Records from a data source

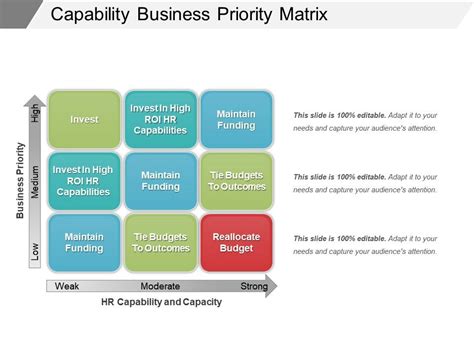 Capability Business Priority Matrix Example Of Ppt Powerpoint Slide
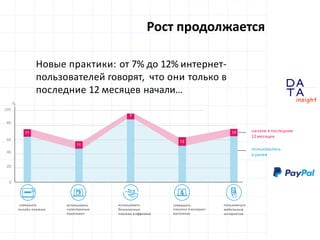 D
insight
AT
A
Новые практики: от 7% до 12% интернет-
пользователей говорят, что они только в
последние 12 месяцев начали…
cовершать
онлайн-платежи
использовать
«электронные
кошельки»
использовать
безналичные
платежи в оффлайне
совершать
покупки в интернет-
магазинах
пользоваться
мобильным
интернетом
20
0
40
60
пользовались
и ранее
начали в последние
12месяцев
10
12
%
100
7
80
11
11
ОПЛАТИТЬ
Рост продолжается
 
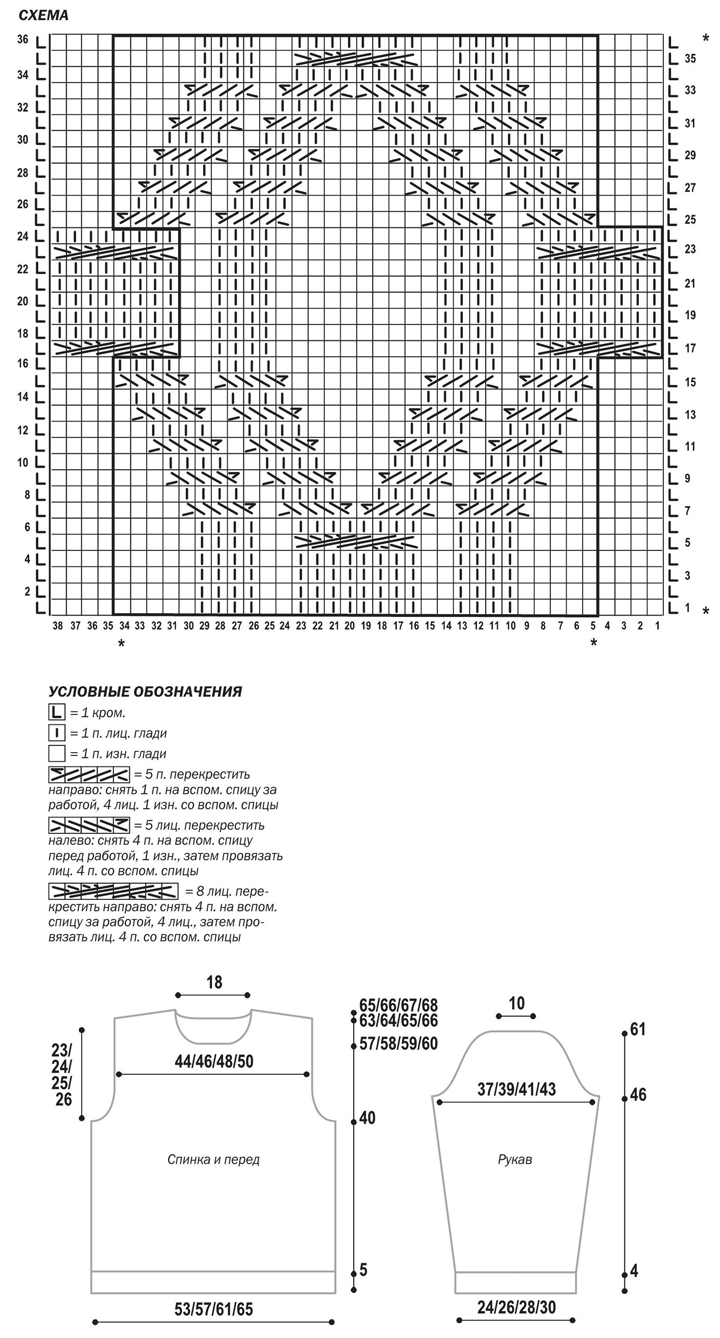 Вязаный мужской свитер с фантазийным узором, вязание спицами для мужчин с описанием, мужской пуловер спицами описание схема, описание вязания мужского свитера, вязаный мужской свитер схема, купить пряжу, итальянская пряжа в бобинах, сайт о вязании www.shpulya.com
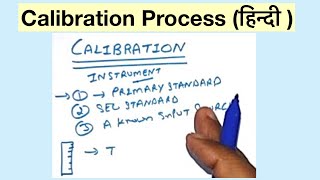 Calibration Processहिन्दी [upl. by Griffie]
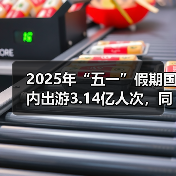 2025年“五一”假期国内出游3.14亿人次，同比增长6.4%（图2）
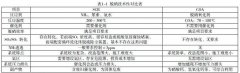 燒結(jié)脫硝工藝在廢氣處理中究竟該如何選擇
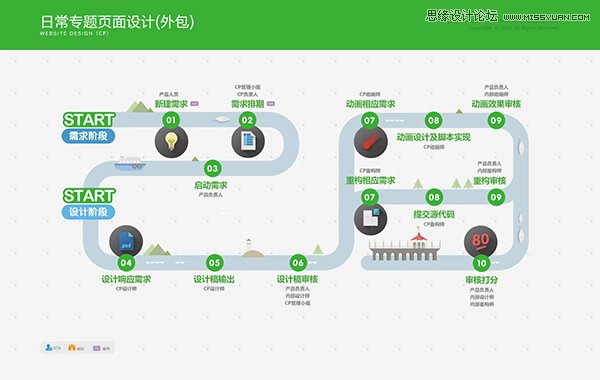 腾讯游戏流程规范信息可视化项目实战,PS教程,图老师教程网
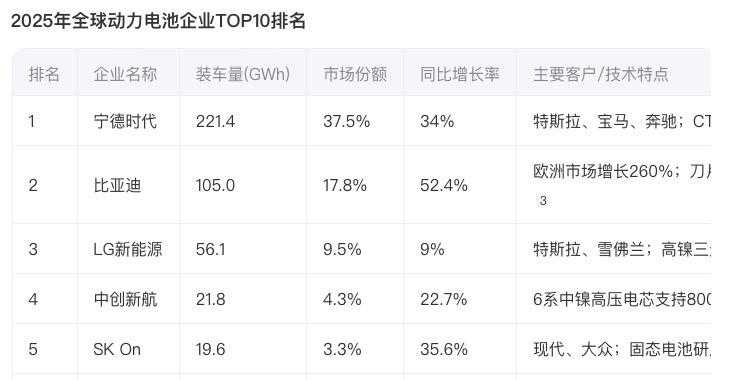 关键优势绝不能放弃,这是中国经济的底气和命脉__关键优势绝不能放弃,这是中国经济的底气和命脉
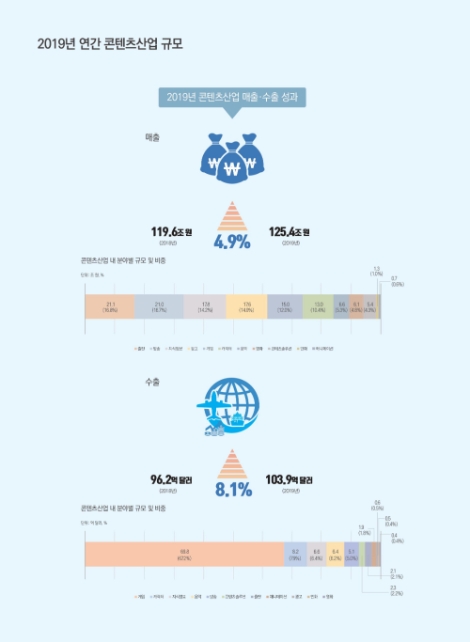 문체부·콘진원, '2019년 하반기 및 연간 콘텐츠산업 동향분석보고서' 발간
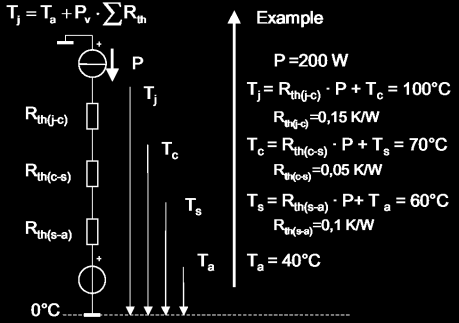 Analogie tepelných a elektrických veličin Využitím analogie elektrického a tepelného obvodu můžeme řešit systém VPS s chladičem jako obvod, složený z dílčích tepelných odporů a tepelných kapacit.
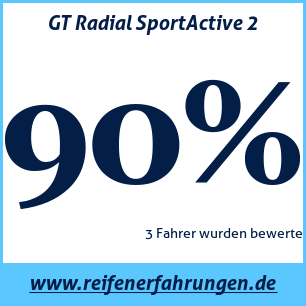 Reifentest Sommer GT Radial SportActive 2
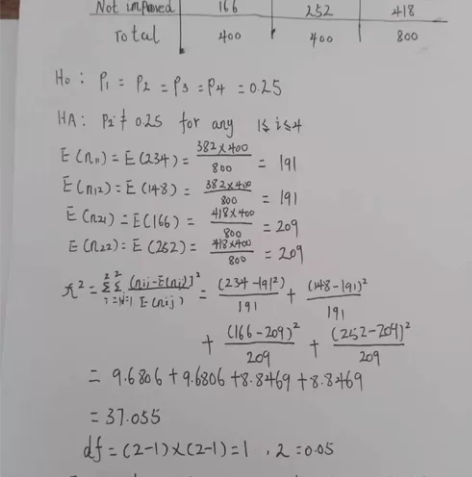留学生辅导，学习 考试，英文统计和数学，金...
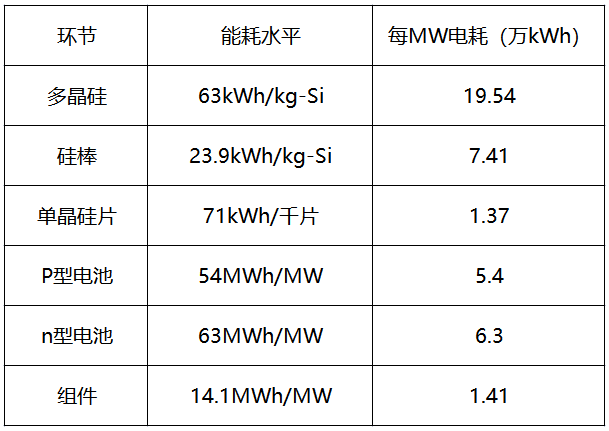 內(nèi)蒙古取消優(yōu)惠電價，光伏產(chǎn)業(yè)鏈會繼續(xù)漲價嗎？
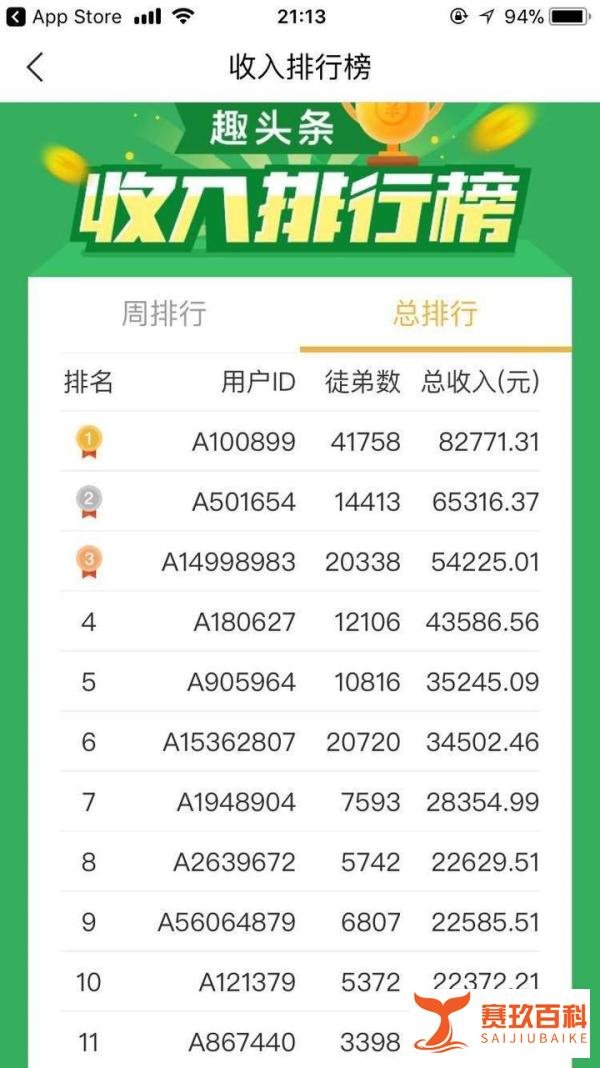 资讯界的“拼多多”——趣头条也要赴美IPO???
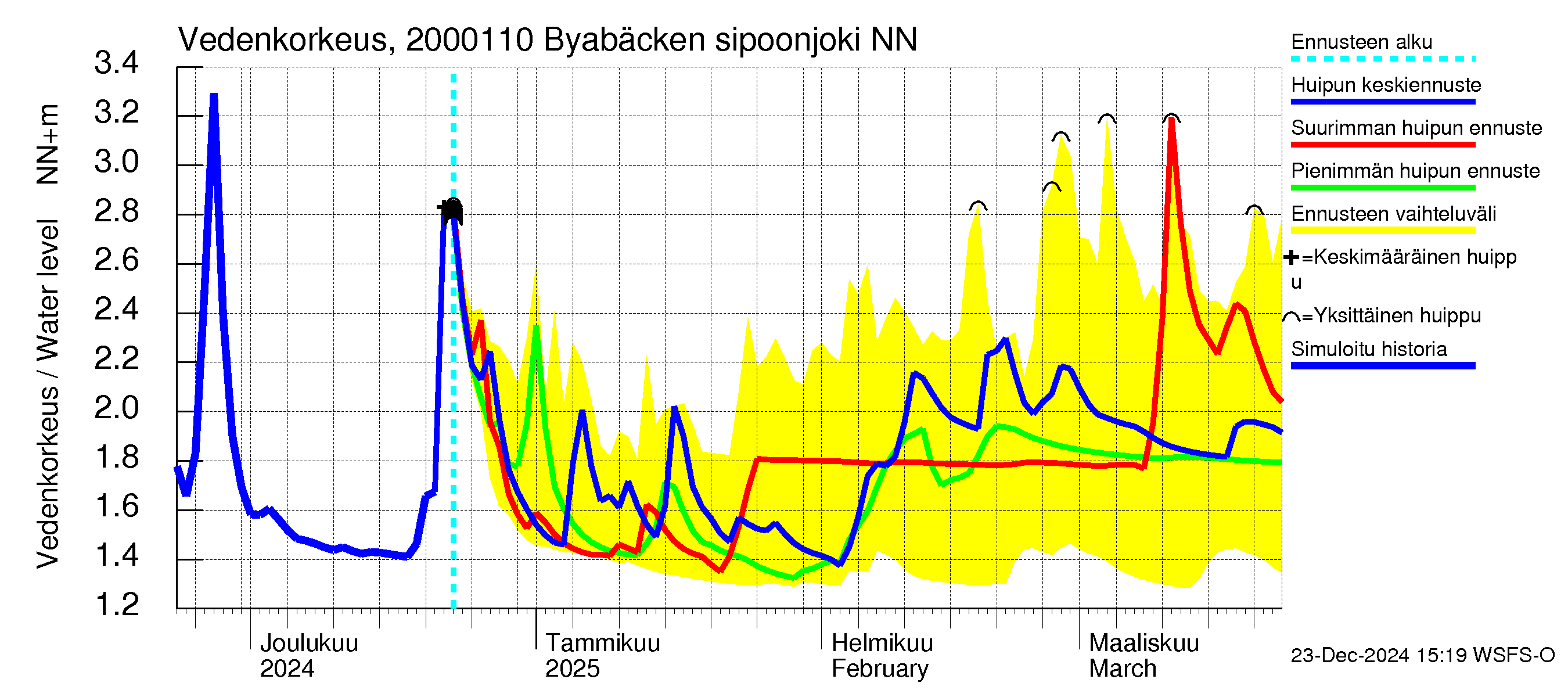 Sipoonjoen vesistöalue - Byabäcken (Sipoonjoki): Vedenkorkeus - huippujen keski- ja ääriennusteet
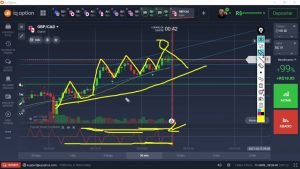 IQ OPTION ESTRATEGIA EFICIENTE 2021 PARTE 2 PARA GANHAR DINHEIRO EM CASA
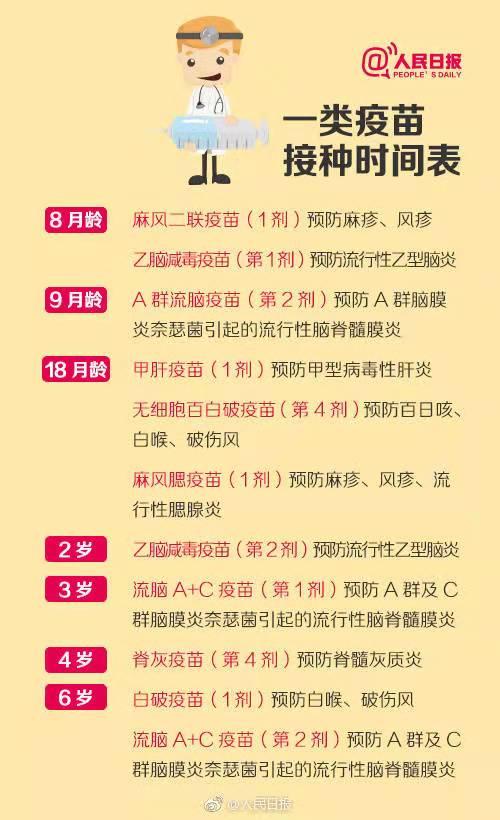 这种情况，谨慎给孩子接种疫苗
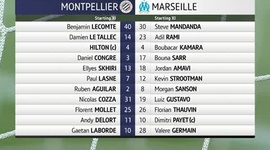 Ligue 1: Montpellier 3 - 0 Marseille (2018-2019)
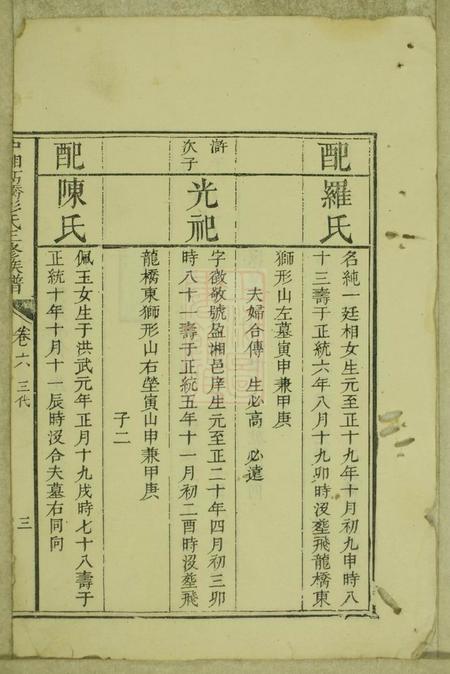 湘潭述古堂中湘高桥彭氏三修族谱.pdf电子版下载预览图4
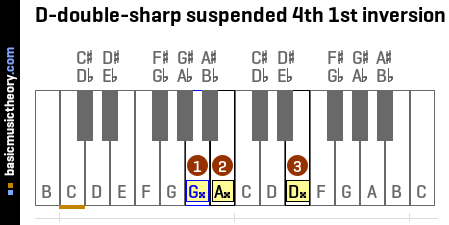 D-double-sharp suspended 4th 1st inversion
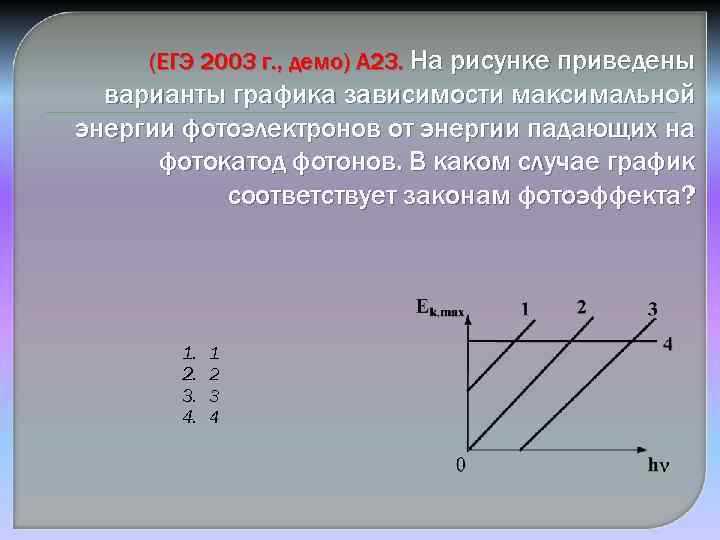 (ЕГЭ 2003 г. , демо) А 23. На рисунке приведены варианты графика зависимости максимальной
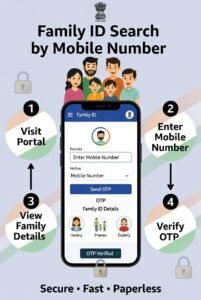 How to Do Family ID Search by Mobile Number Step by Step in 2026
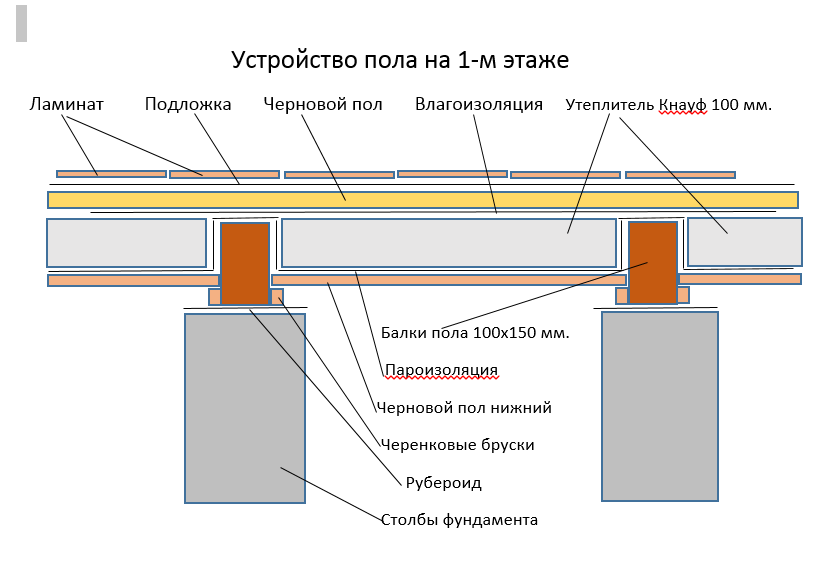 Чердачное перекрытие по деревянным балкам своими руками: как сделать самостоятельно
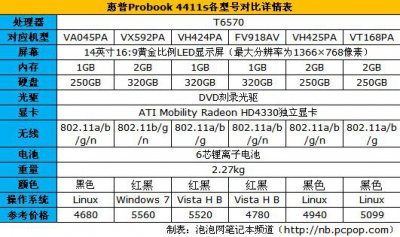 ​t9900和t6670（依然是千元内最爱）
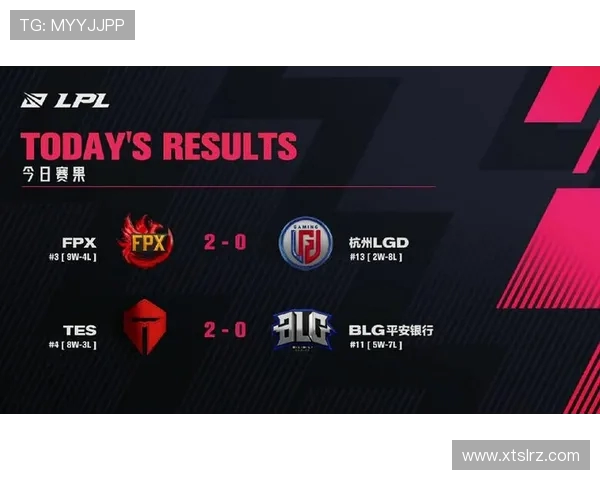 赛后分析:FPX与BLG心理素质较量的深度解读与反思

▶ [Task brief]:
Every line in the records above that contains the word "начали" is to be copied out.

▶ [Solution]:
последние 12 месяцев начали…
начали в последние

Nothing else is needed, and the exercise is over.